▸ WHAT YOU SHOULD DO: Set down each record below precisely, skipping the pictures.

▸ PROVIDED DATA:

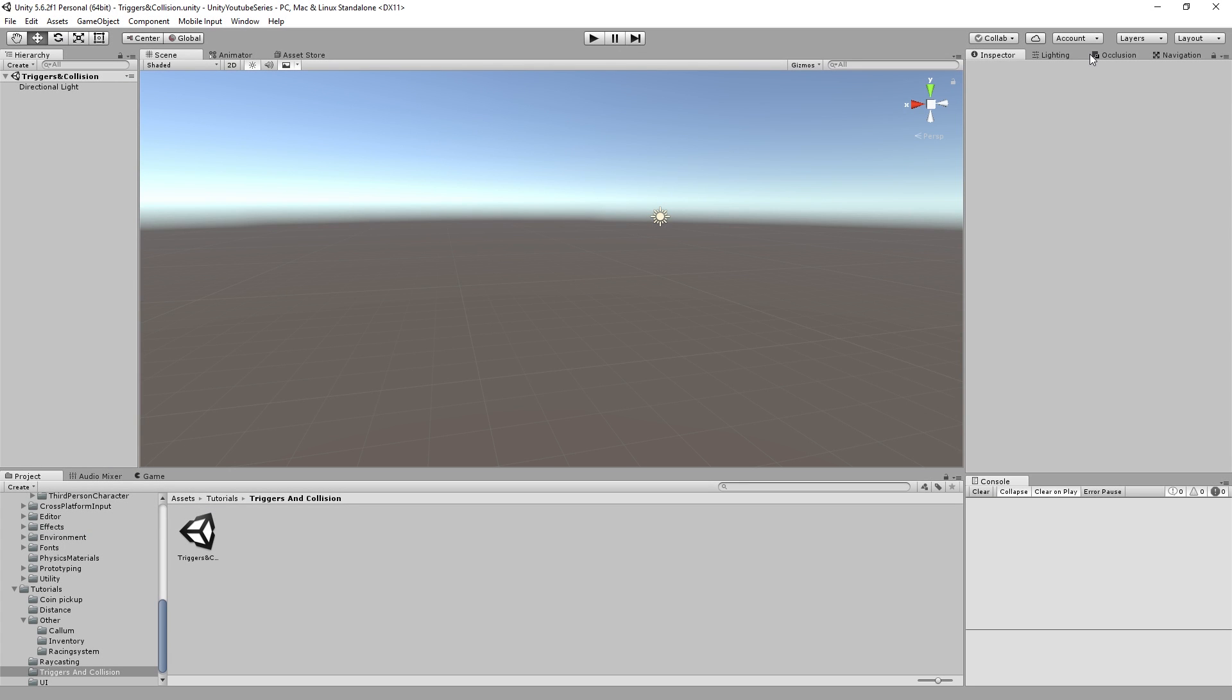Hello everybody and welcome back to Unity Tutorial. So today we're going to be looking into triggers and collision. This can be used for detecting if the player walks through an invisible object which could trigger either a cutscene or like a boss appearing or something in a game or it could even be used for pickups stuff like that.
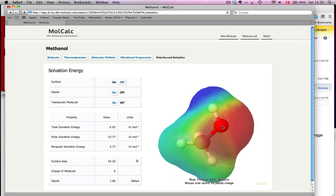If you hold the mouse over the atom, you get the charge, so in this case it's minus 0.35. Hydrogen here is plus 0.21, and so forth.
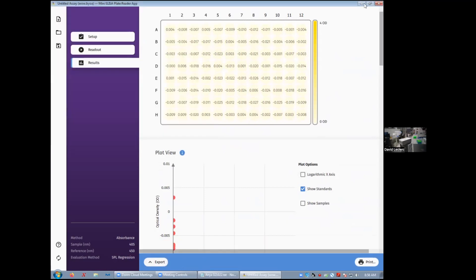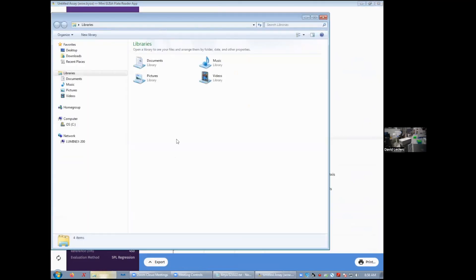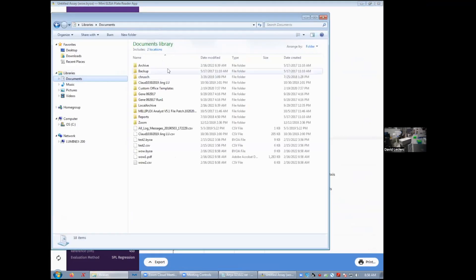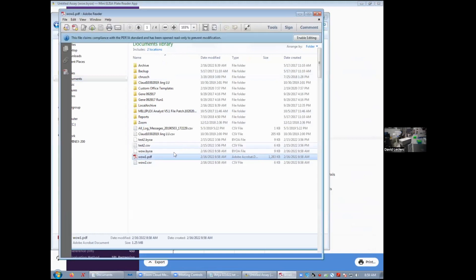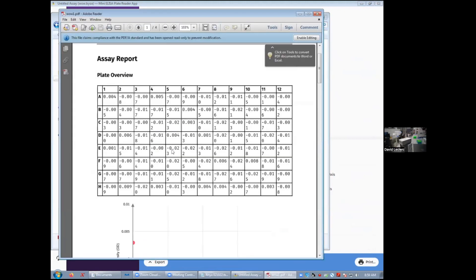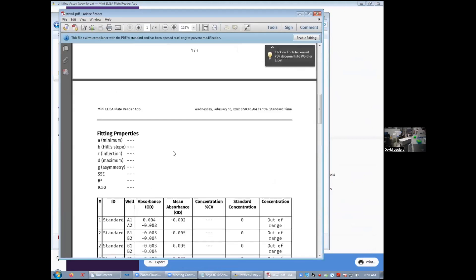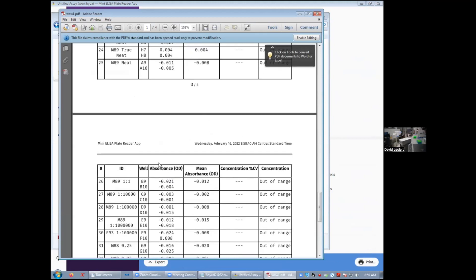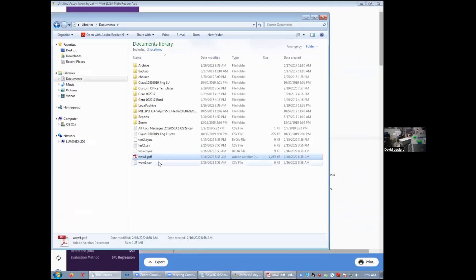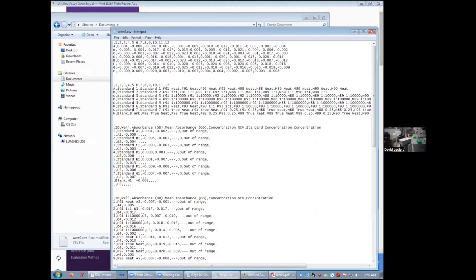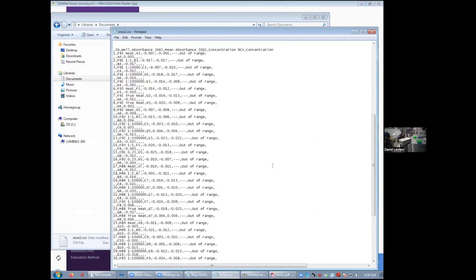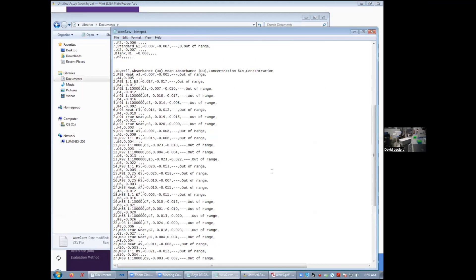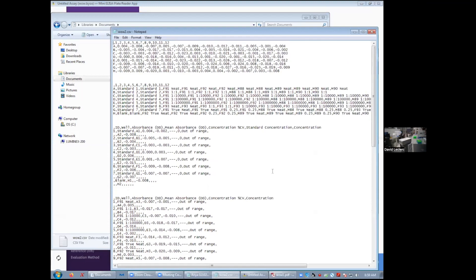Now, if I go to my document folder where I save those files, you'll find my PDF first, which is essentially a display of what we had in the app or the CSV file that you can open through a spreadsheet and redo the analysis any way you want.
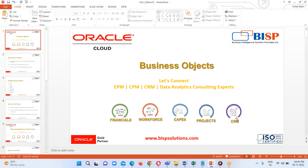This is how we can load a business object — specifically, we saw how to load the grade business object in our HCM Cloud. That's all for this session. If you have any questions, please reach out to us at www.bisptrainings.com or www.bispsolutions.com. We'll continue in our upcoming session. Thank you everyone.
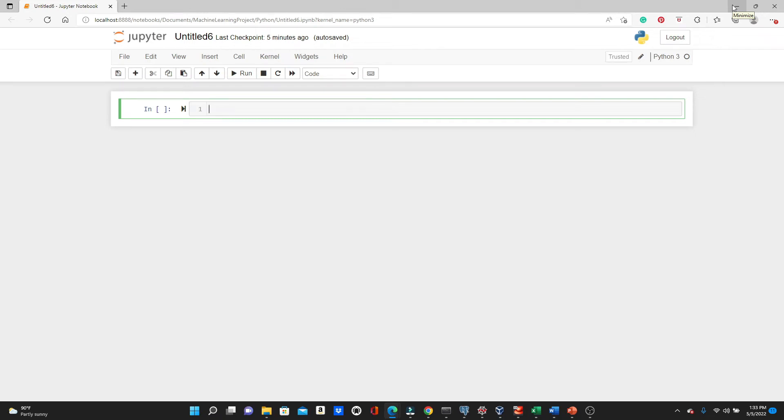Hello everyone, this is Rashida. Welcome to my channel. In my last video we worked on a simple linear regression where we had only one training feature. And in this video we will work on a multiple linear regression where we will have several training features.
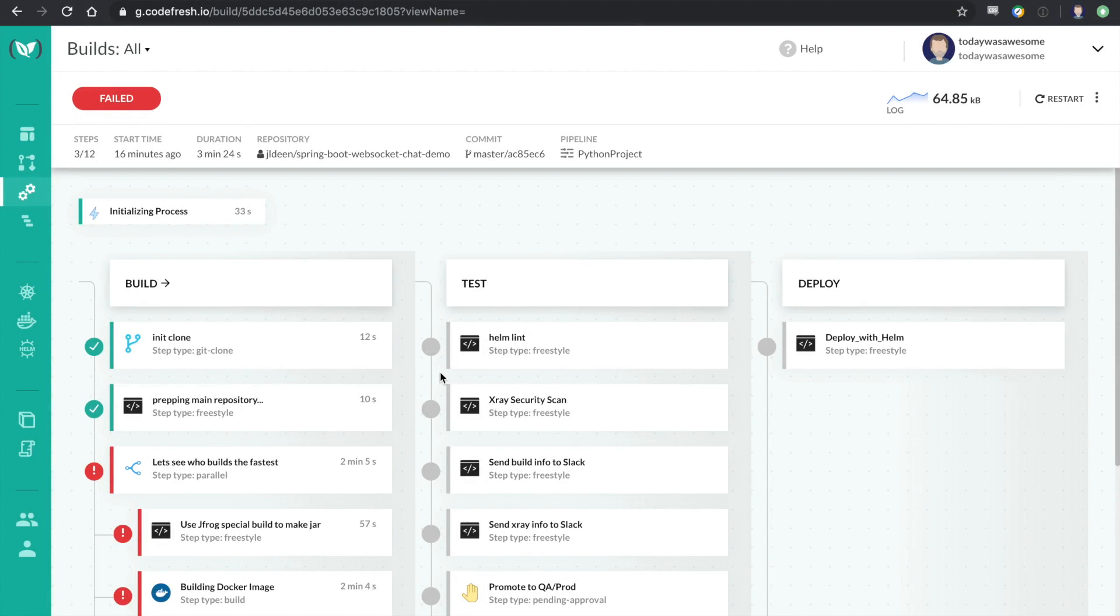Hi, my name is Dan Garfield and I am the Chief Technology Evangelist for Codefresh. I'm going to give you a quick demo of our brand new live CI/CD debugging feature. We just launched this at KubeCon.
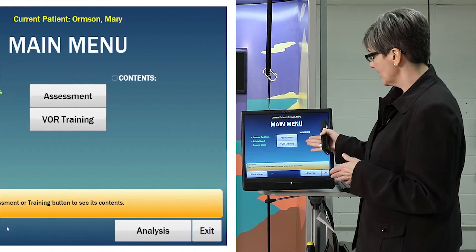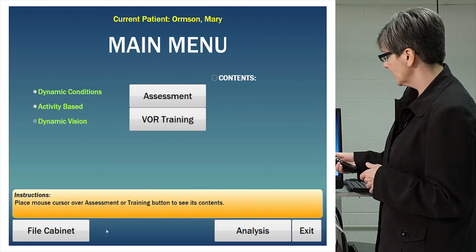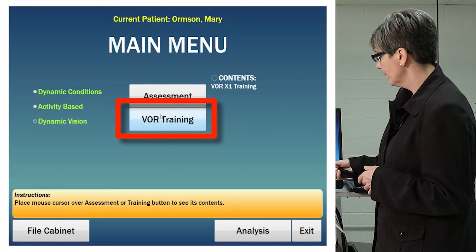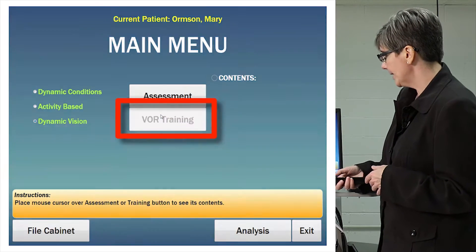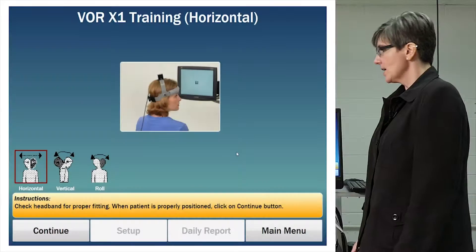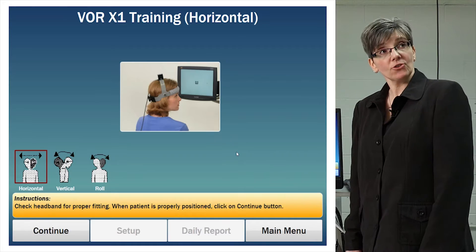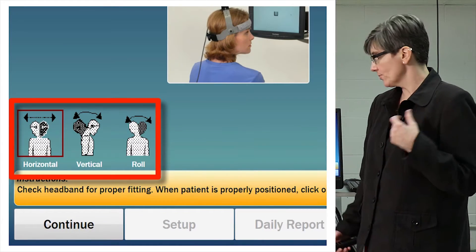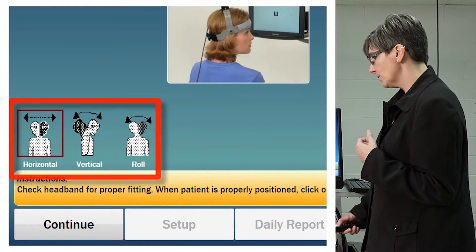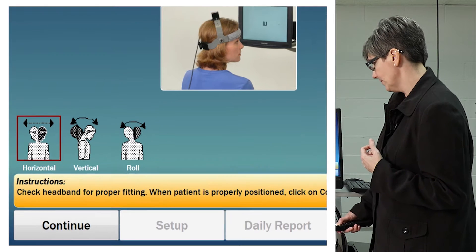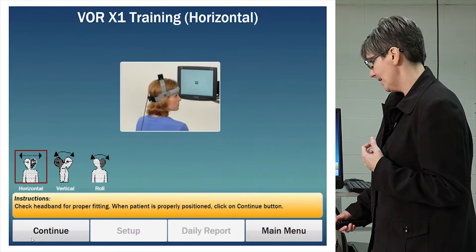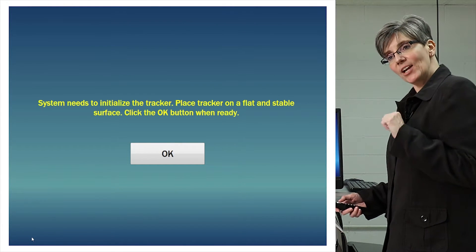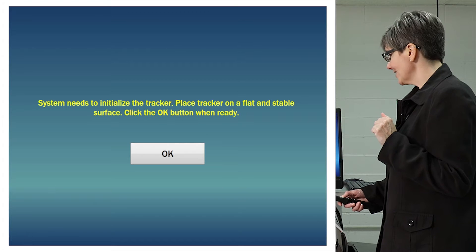I'm going to start here and click on the VOR training icon. In VOR training, I can train Mary in all three directions. We're going to stick with the horizontal for now and click on continue. Mary, don't move your head — we're going to initialize the tracker.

▸ RESULT:
Hello everybody and welcome back to Unity Tutorial. So today we're going to be looking into triggers and collision. This can be used for detecting if the player walks through an invisible object which could trigger either a cutscene or like a boss appearing or something in a game or it could even be used for pickups stuff like that.
If you hold the mouse over the atom, you get the charge, so in this case it's minus 0.35. Hydrogen here is plus 0.21, and so forth.
Now, if I go to my document folder where I save those files, you'll find my PDF first, which is essentially a display of what we had in the app or the CSV file that you can open through a spreadsheet and redo the analysis any way you want.
This is how we can load a business object — specifically, we saw how to load the grade business object in our HCM Cloud. That's all for this session. If you have any questions, please reach out to us at www.bisptrainings.com or www.bispsolutions.com. We'll continue in our upcoming session. Thank you everyone.
Hello everyone, this is Rashida. Welcome to my channel. In my last video we worked on a simple linear regression where we had only one training feature. And in this video we will work on a multiple linear regression where we will have several training features.
Hi, my name is Dan Garfield and I am the Chief Technology Evangelist for Codefresh. I'm going to give you a quick demo of our brand new live CI/CD debugging feature. We just launched this at KubeCon.
I'm going to start here and click on the VOR training icon. In VOR training, I can train Mary in all three directions. We're going to stick with the horizontal for now and click on continue. Mary, don't move your head — we're going to initialize the tracker.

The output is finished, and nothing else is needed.